*** STUDY MATERIAL Section Begins ***
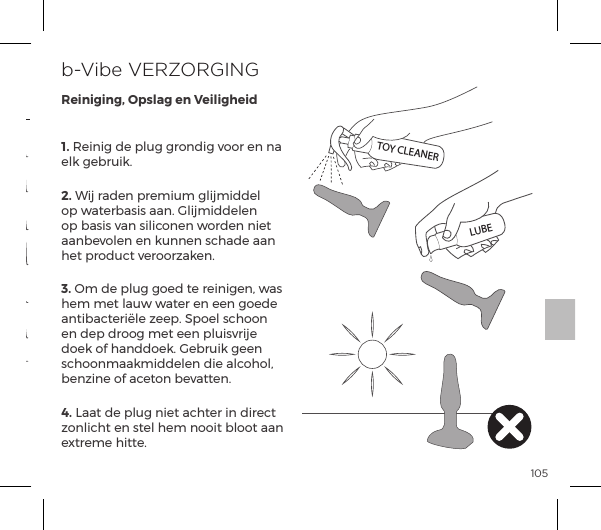 1051.ĺJ&ordf;ĺĺ&sup1;&pound;&Ecirc;ĺ&frac14;&macr;&ordf;ĺ&Oacute;&macr;&macr;&frac14;ĺ&ordf;ĺ&ordf;pĺelk gebruik.2. Wij raden premium glijmiddel op waterbasis aan. Glijmiddelen op basis van siliconen worden niet aanbevolen en kunnen schade aan het product veroorzaken.3. Om de plug goed te reinigen, was hem met lauw water en een goede antibacteri&euml;le zeep. Spoel schoon en dep droog met een pluisvrije doek of handdoek. Gebruik geen schoonmaakmiddelen die alcohol, benzine of aceton bevatten.4. Laat de plug niet achter in direct zonlicht en stel hem nooit bloot aan extreme hitte.b-Vibe VERZORGINGReiniging, Opslag en VeiligheidVibrerend Patroon 15Vibrerend Patroon 13Vibrerend Patroon 14Vibrerend Patroon 10Vibrerend Patroon 9Vibrerend Patroon 11Vibrerend Patroon 121. Laag2. Snelheid   II3. Snelheid III4. Snelheid IV5. Snelheid V6. MaximaalVibratie Intensiteit Vibrerend PatroonTOY CLEANERLUBEVIBRATIESTANDEN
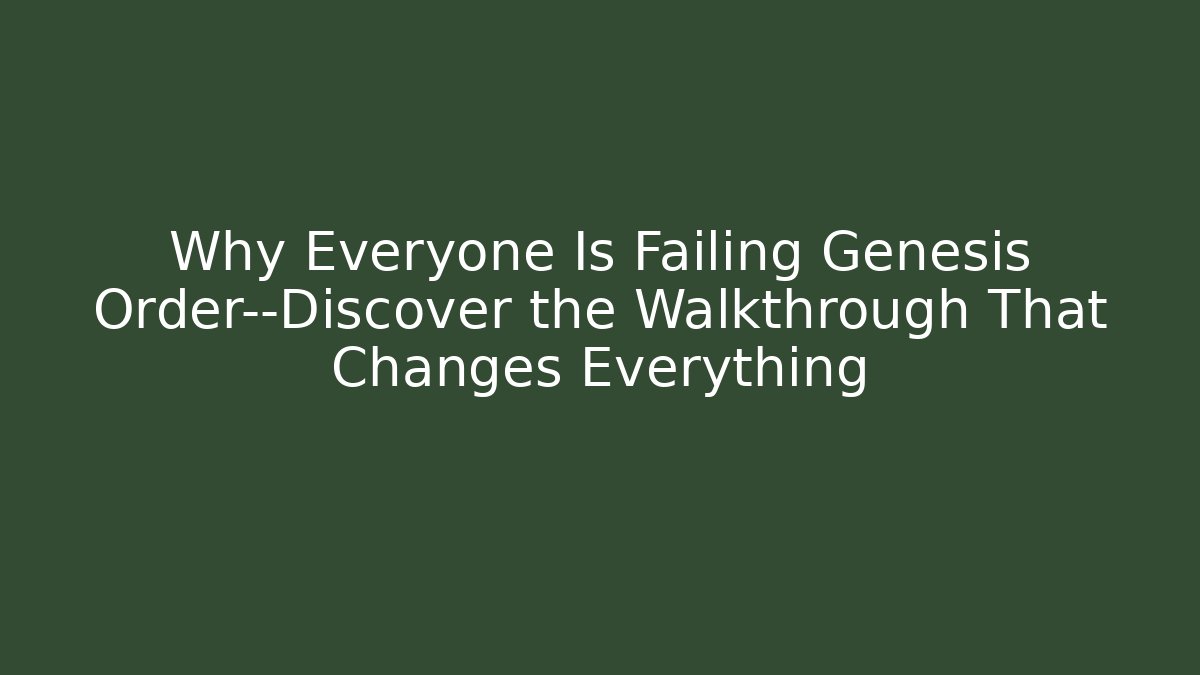 Why Everyone Is Failing Genesis Order—Discover the Walkthrough That Changes Everything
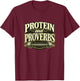 Protein and Proverbs Inspirational Faith-Based Lifting Gifts T-Shirt - T-Shirt | Maroon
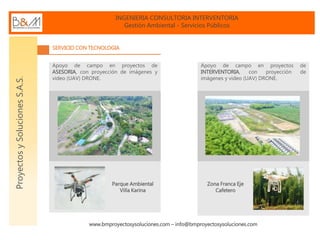 INGENIERIA CONSULTORIA INTERVENTORIA
Gestión Ambiental - Servicios Públicos
www.bmproyectosysoluciones.com – info@bmproyectosysoluciones.com
ProyectosySolucionesS.A.S.
SERVICIO CON TECNOLOGIA
Apoyo de campo en proyectos de
ASESORIA, con proyección de imágenes y
video (UAV) DRONE.
Parque Ambiental
Villa Karina
Apoyo de campo en proyectos de
INTERVENTORIA, con proyección de
imágenes y video (UAV) DRONE.
Zona Franca Eje
Cafetero
 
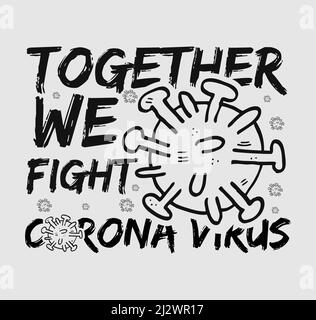 Gemeinsam bekämpfen wir Corona Virus Tshirt Design Template Vektordatei. Covid-19 Corona Virus Vektordatei Stock Vektor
*** STUDY MATERIAL Section Ends ***
> EXERCISE DESCRIPTION: Pictures are skipped here. Print exactly, and only, the lines from the one holding "INTERVENTORIA, con proyección de" through the final line of the material above, both ends included.

> REPLY:
INTERVENTORIA, con proyección de
imágenes y video (UAV) DRONE.
Zona Franca Eje
Cafetero
 
 Gemeinsam bekämpfen wir Corona Virus Tshirt Design Template Vektordatei. Covid-19 Corona Virus Vektordatei Stock Vektor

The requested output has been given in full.